倪管事艱難的吐出兩個字,總算是感覺可以呼吸了,松了一口氣,說道:“那天撞上高家,我們逃跑的時候,恰好遇到了魚幫的船,他們的船比我們快,還放了火船阻攔我們,要不然我們也不會這麽容易就被高家抓住。”
說到這裡,倪管事有些咬牙切齒。
“你看清他們往哪裡跑的嗎?”
“迷霧灣到處都是霧氣,只能聽到聲音,哪能看清楚方向!”見洪羿眼神不善,倪管事急忙道,“我記得那個位置,聽說附近十幾裡有個小島,如果他們沒被抓住,很可能躲在島上。”

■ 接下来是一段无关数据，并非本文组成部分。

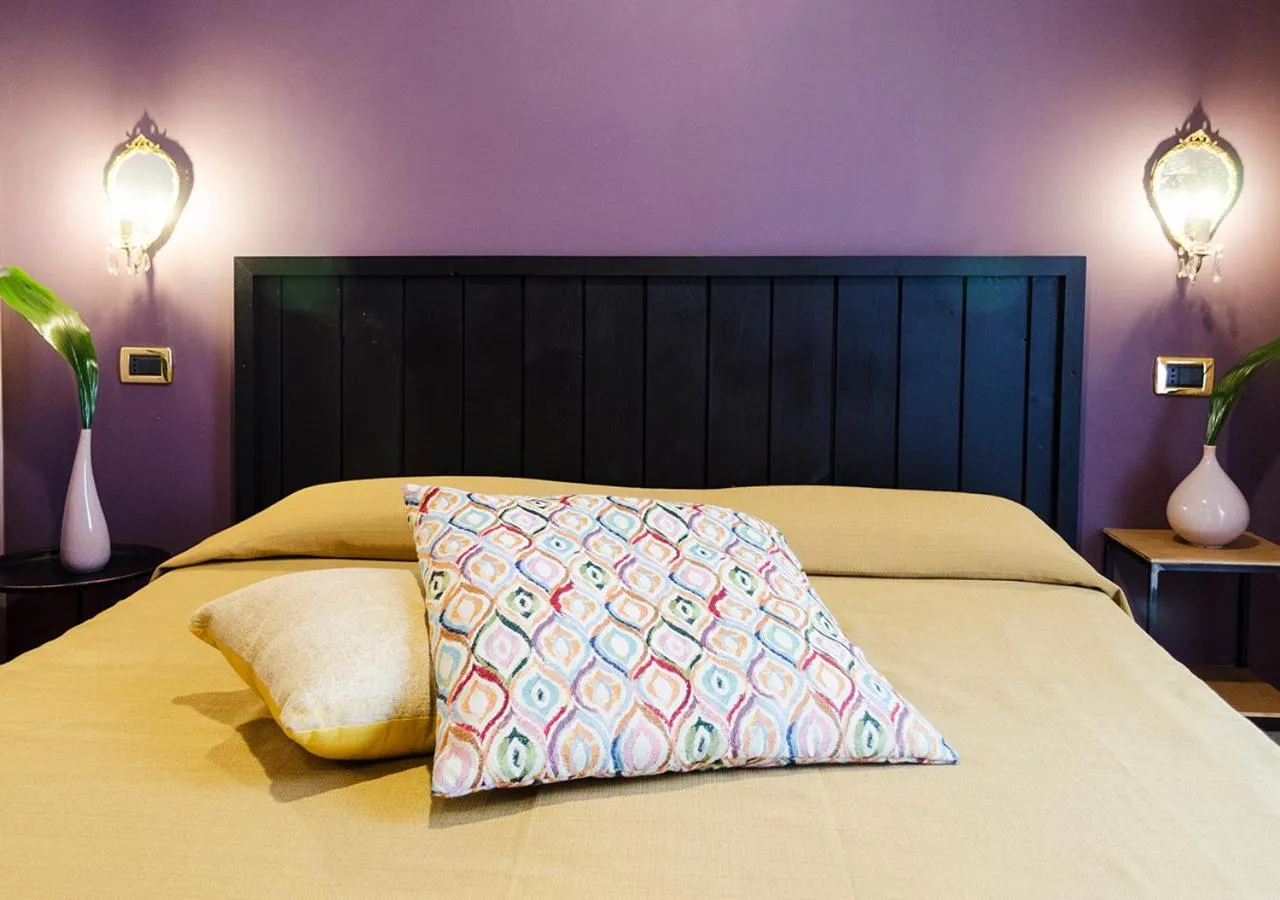 Bedroom, Bed in Eterna Roma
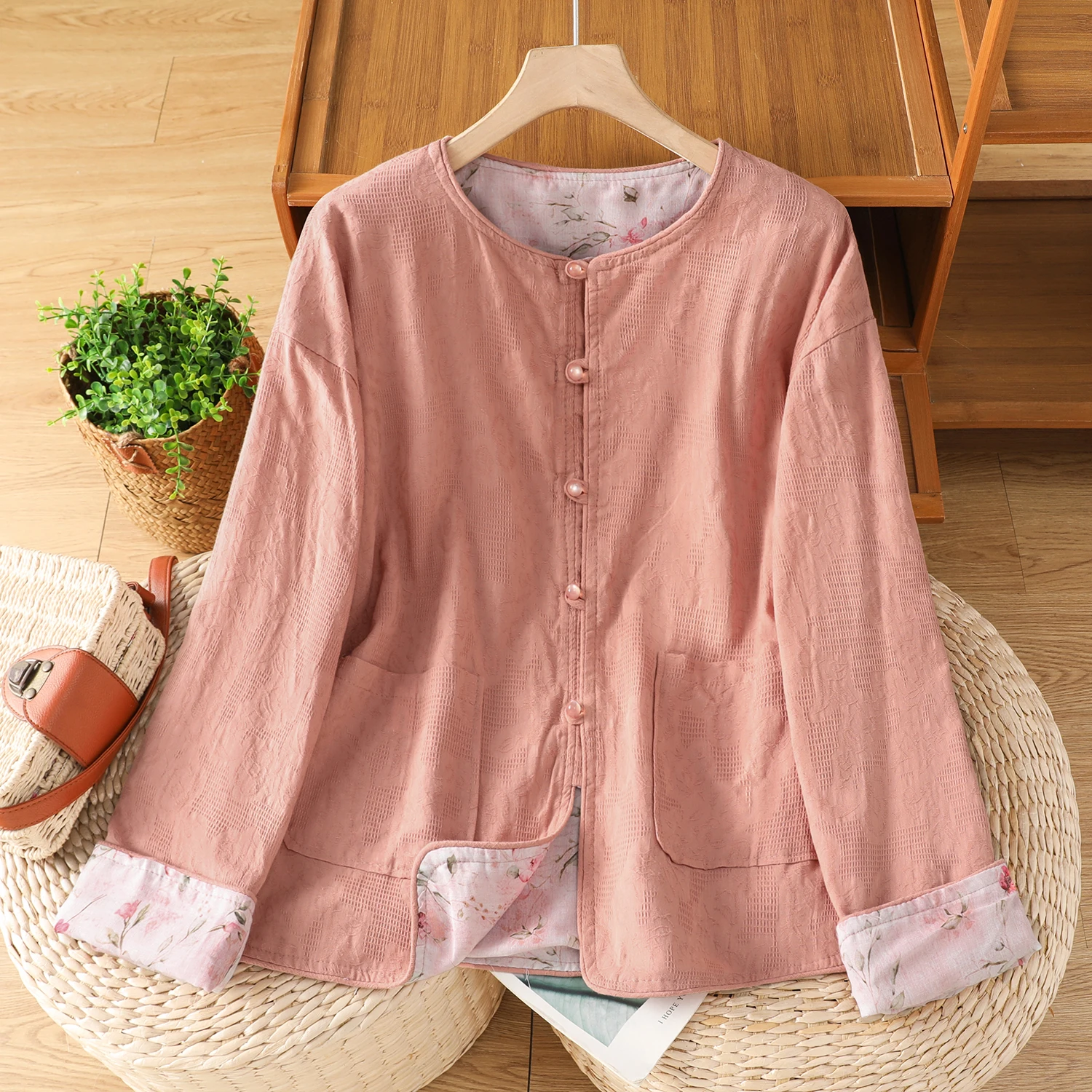 

Новая двусторонняя одежда в китайском стиле Long Sve, осенняя верхняя одежда, открытый кардиган, высококачественная ор, этническая смесь полиэстера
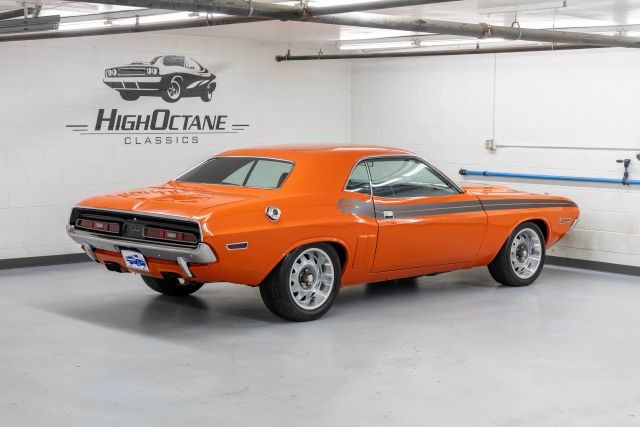 Dodge-Challenger-1971-Coupe-2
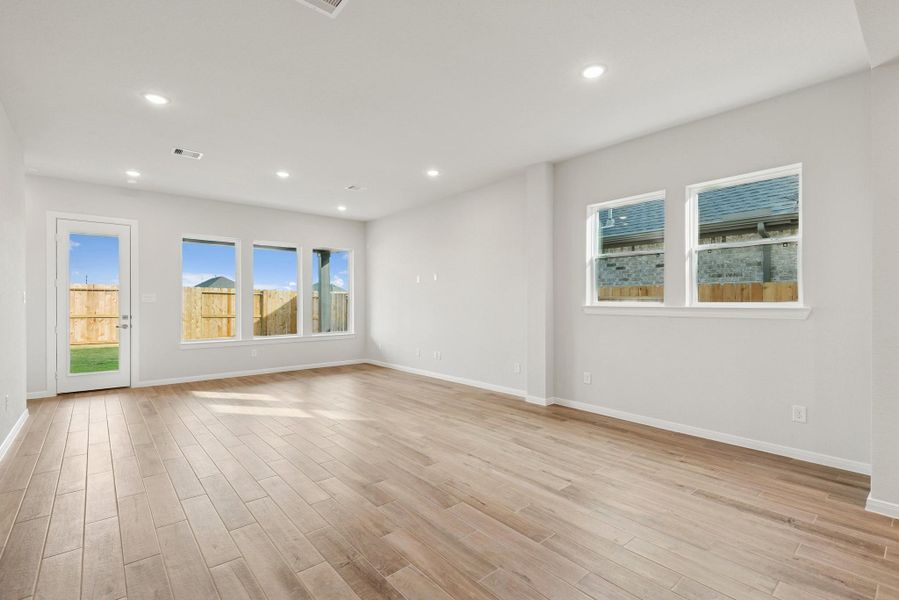 Spacious, unfurnished interior of a new home in Jubilee, Hockley (Image 34).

“我都說了,你能不能救我出去?我記得交戰的地方,能幫你找到那個小島!”倪管事聲音帶著哀求。
此前,每天看著身邊的人死了,看著那些流民被活生生的痛死當做血食投喂,他都幾乎要崩潰了,早就麻木,等死,對出去不抱任何希望。
可是,洪羿的到來,讓他看到了曙光。
縱然知道,自己和洪羿有過節。
可畢竟不是生死大仇。
說不定洪羿善心大發,順手把自己救出去呢?
盡管倪管事自己也覺得洪羿不是活菩薩。
可是哪怕是個活閻王出現在面前,那也得求一求不是?
砰!
一聲悶響,洪羿一巴掌將其打暈了過去。
隨後朝不遠處喊道:“這裡又死了一個!”
很快,就有人打開鐵門,道:“拖出去,趁著血還沒凝固,趕緊做成血食!”
洪羿將其塞進麻袋。
對於倪管事的話,洪羿並不全信。
留著此人,也有用處。
或許是高家的人太過自信,再加上迷霧遮擋,看著洪羿穿著護衛的衣裳,腰間掛著鈴鐺,一路通行無阻,就這樣,大搖大擺走了出去。
出了地堡,洪羿把麻袋丟上船,島上的人各司其職,去打窩的另有其人。
洪羿走進迷霧後,將鈴鐺丟掉,悄無聲息潛入海中,將碼頭上的船隻,全部鑿開幾個拳頭大的洞。
海水咕嚕嚕的冒了進來,但是說大不大,說小不小,一時半會也不容易發現。
等到發現,就是船艙滿水的時候。
做完這些,洪羿才潛到了一條打窩船的下面。
這樣的打窩船上只有兩個一個劃船的,和一個護衛,誰也不會想到,有人趴到了船底。
所以當洪羿出手的時候,這幾人根本就沒反應過來,瞬間全被製住。
洪羿把人裝進麻袋後,一巴掌把倪管事扇醒,道:“現在,你來控船。”
倪管事暈暈乎乎的睜開眼,發現自己竟然真的出來了,激動的直哆嗦,噗通一聲跪下來了。
果然,給活閻王磕頭沒錯!
這不就有救了!
“被廢話,趕緊開船!”
“洪爺,我們不走嗎?”聽說要去高家漁船,倪管事面色有些發白,道:“我看,我們還是趕緊回去,把高家做的事情曝光吧。”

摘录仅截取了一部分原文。